Research Department: Institutional Change and Regional Public Goods
Project Leader within IRS: Prof. Dr. Kristine Kern
Project Team: Dr. Stefan Niederhafner
Consortium: Universität Potsdam (Coordination) Leibniz Institute for Research on Society and Space Adelphi Research gGmbH Stadt Potsdam Stadt Würzburg
Funding Organization: Bundesministerium für Bildung und Forschung
Duration: 04/2017 - 06/2018
Cities create approximately 70% of all greenhouse gas emissions while at the same time being substantially impacted by climate change. Especially extreme weather occurrences like torrential rain fall, flooding, and heat waves often result in costly property damage, which in result – caused by inept behaviour in dangerous situations and insufficient preparation – often have an adverse effect on citizens’ health. The BMBF research project “Urban Resilience Towards Extreme Weather Incidents – Typology and Transfer of Adaptation Strategies in Small Metropolises and Medium Sized Cities” (ExTrass) aims to measurably strengthen the resilience of cities and towns by working closely with administrations, branches of civil protection, and residents.
Cities are important actors as well as a target group for climate policy due to their high emissions, but also due to the high risks and dangers caused by climate change. Early research of communal strategies for climate protection and climate change adaptation shows that such planning is more common in cities of more than 500,000 inhabitants than in smaller cities and towns. Smaller independent urban districts in Germany possess the same legal space of action as big cities, yet often far fewer resources. ExTrass thus concentrates its efforts on cities of 50,000 to 500,000 residents.

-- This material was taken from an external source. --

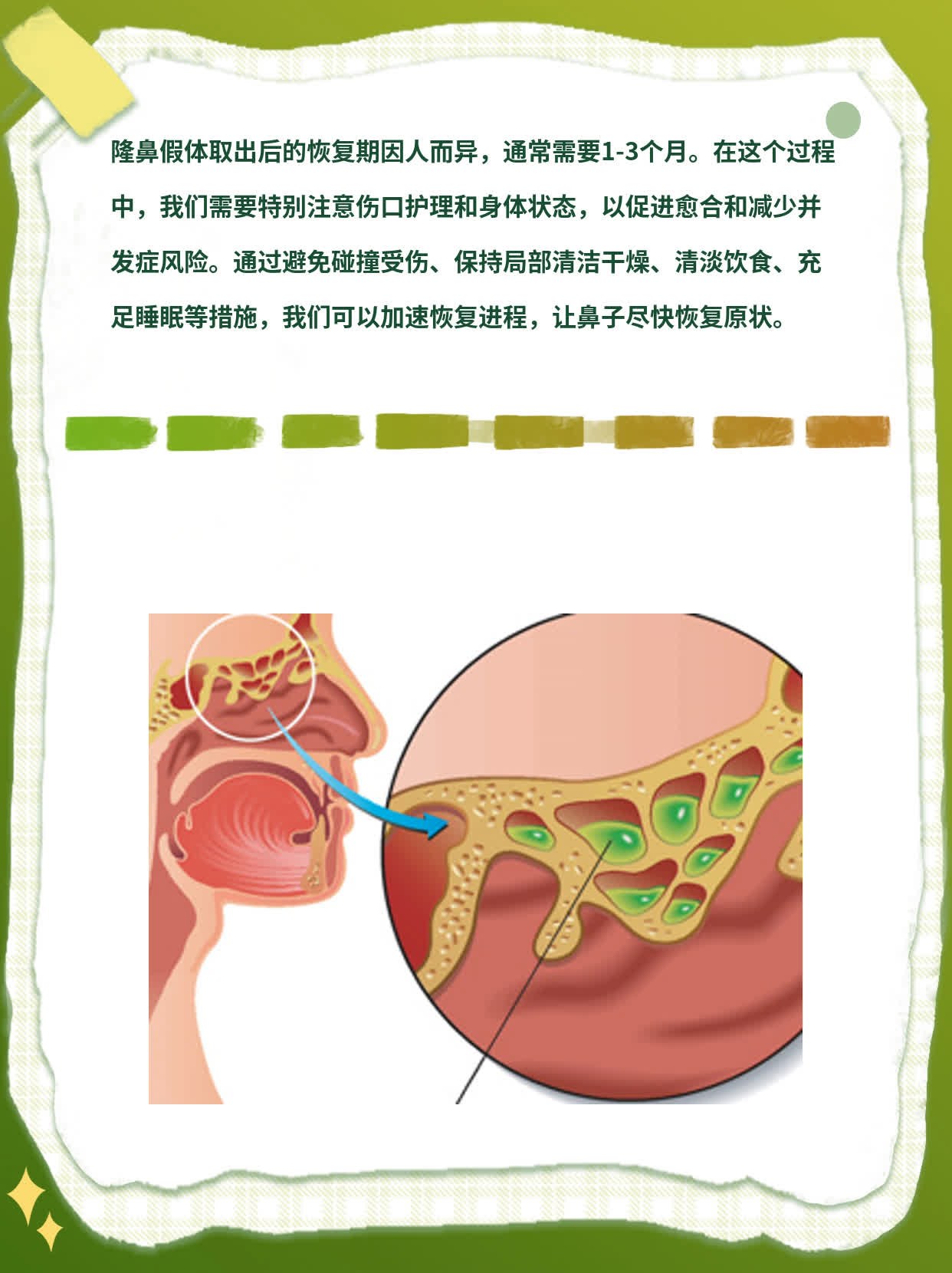 隆鼻假体取出后的恢复期探秘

In the first phase, the project is set to create an overview of relevant activities by smaller cities and larger towns, looking particularly at the areas of climate change adaptation, risk communication, and climate protection. Taking into account their past damage experiences as well as their current risks, ExTrass identifies the pioneers as well as the latecomers and describes the specific paths of their development. Applying path-analysis concepts, both the barriers and drivers toward progress will be described. Furthermore, three case studies will explore the potential for transfer and further development of successful measures, each dealing with a specific set of adaptation challenges while working under a specific institutional framework. The second project phase will discuss these findings with experts from academia as well as practitioners in the field to further develop successful measures and ideas as well as to implement and test them in case studies.

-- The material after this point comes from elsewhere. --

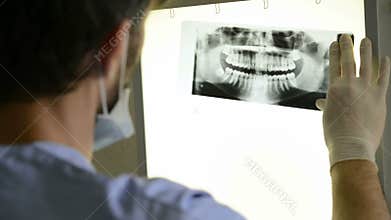 Dental x-ray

The IRS is responsible for the sub-project „Path analysis and transfer potential in case study cities”. One case study will explore the climate and energy politics of Potsdam city. Furthermore, included with this work package, is direct support and advice to Potsdam on how to implement the “Masterplan Community” programme. This initiative – funded by the federal government – supports its participants in realizing carbon neutrality by 2050. The analysis conducted by IRS will not be limited to the municipal level, but will also encompass the dynamic relations between the city of Potsdam, the state of Brandenburg and the federal government. Against the backdrop of studies from abroad (e.g., Amsterdam, Malmö) which were part of a recently concluded EU project, the central question will be how “upscaling” of local experiments works. The research questions are as follows:
• Whether and how and local experiments and new climate adaptation policies transfer to different neighbourhoods in Potsdam? (experimental upscaling);
• Whether Potsdam adopts local experiments from other (German) cities and how Potsdam learns from them? (horizontal upscaling);
• Whether and how Potsdam gets assistance from the state of Brandenburg or the federal government through programmes like the “Masterplan Community ” programme? (vertical upscaling) and
• Which regulations of the federal government or the state of Brandenburg, respectively, have influenced Potsdam's climate and energy policy? (hierarchical upscaling).